Llega entonces el momento de aceptar la otra. Aquella que nos rechinaba por su conformismo, que nos parecía una burda manipulación. Y así, con despidos masivos en todos los frentes industriales, estamos mejorando el mercado laboral. Con una desigualdad rampante que dificulta el acceso a la salud y la educación a los más desfavorecidos, hemos salvado las cuentas públicas. Con una corrupción en la que si hay partidos políticos o altas jerarquías salpicadas lo que sucede es una impresionante campaña de control de medios y presión hacia los jueces más independientes, mientras tarareamos ya eso de que estamos implicados en una regeneración moral de nuestras instituciones. Y para el caso catalán, cuyos datos muestran un desafecto evidente que nadie está dispuesto a tratar de corregir, nos viene de maravilla aquel estribillo que compuso Amy Winehouse cuando le proponían ingresarse en rehabilitación: “Yo digo no, no, no”.
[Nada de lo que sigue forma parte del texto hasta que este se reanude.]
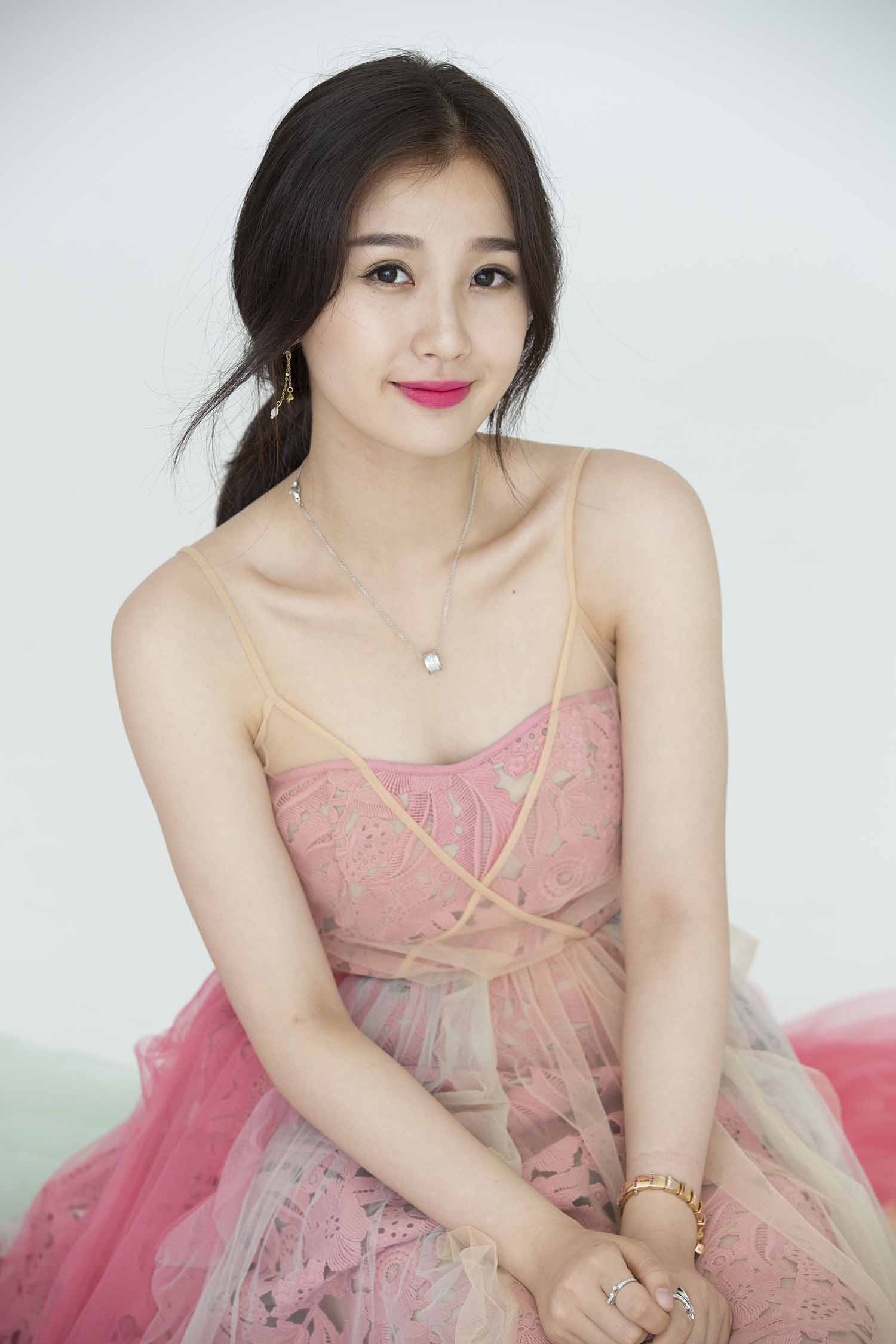 虞书欣明星生图高清写真合集[百度网盘下载]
Pues si no hace falta que ingresemos en la rehabilitación, con una puesta en común de todos los defectos estructurales que nos han traído hasta aquí, nuestro destino no podrá escapar de lo previsible: ser víctima de nuevo de las mismas adicciones. Y si la desaparición de Paco de Lucía tiene entidad de tragedia nacional, no es solo por la pérdida de un tesoro artístico de dimensiones inabarcables, sino por lo mucho que le quedaba por hacer. El estado de la nación recibe una última lección del maestro. La de perseguir la grandeza sin conformarse con tararear nuestra mediocridad.